Seriously, that’s their argument.

Dr. Robert Jeffress, who leads First Baptist Church in Dallas, says one reason for the drop in marriage can be traced to the landmark Obergefell decision in 2015 that legalized same-sex marriage in all 50 states, including in states where it was banned.

“Whenever you counterfeit something, you cheapen the value of the real thing,” Jeffress says. “And if you expand marriage to, basically, any definition you want — two men, two women, three men and a woman — I mean, if marriage is what you want it to be, why bother to get married at all?

Good luck finding any couples that go on the record to say, “We were totally going to get married, but then gay people got that same right, so we called everything off.” (Actually, there was one Christian couple in Australia that threatened to get divorced after 10 years of marriage if same-sex couples won the right to marry in 2015. They won that right. But the couple is still married because Jesus is apparently cool with lying.)

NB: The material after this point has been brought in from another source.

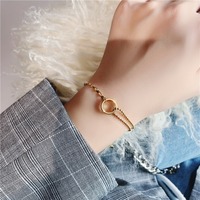 Bracelets asymétriques double couche en acier inoxydable, bijoux de luxe minimalistes haut de gamme, vente en gros, populaires, TGSL5809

This isn’t something you can blame on gay people. If anything, opening the door to same-sex marriage nationwide should help those rates go up. But there are reasonable factors we can point to for the decline: It’s harder to find stable jobs, people are in more debt than ever before, more women have careers (so they’re not dependent on a partner), housing is more expensive, cohabitating means there’s no rush to marry, religion (which often pressures people to marry young) isn’t as popular as it used to be, and hitching yourself to one person for life isn’t the only option on the table.

It’s not any one of those things. It’s a mix of all of them. Throw in current political chaos and more people saying they don’t want kids, and it’s no wonder people aren’t marrying as much as they used to.

Same-sex marriage, however, is on nobody’s list of factors… outside of Christian crackpots.

If you want to get married, you can get married. Don’t blame gay people for your relationship problems.

Oh. One more thing: Divorce rates are highest in the most religious parts of the country. That study’s from 2014. So Jeffress couldn’t even blame gay couples if he wanted to.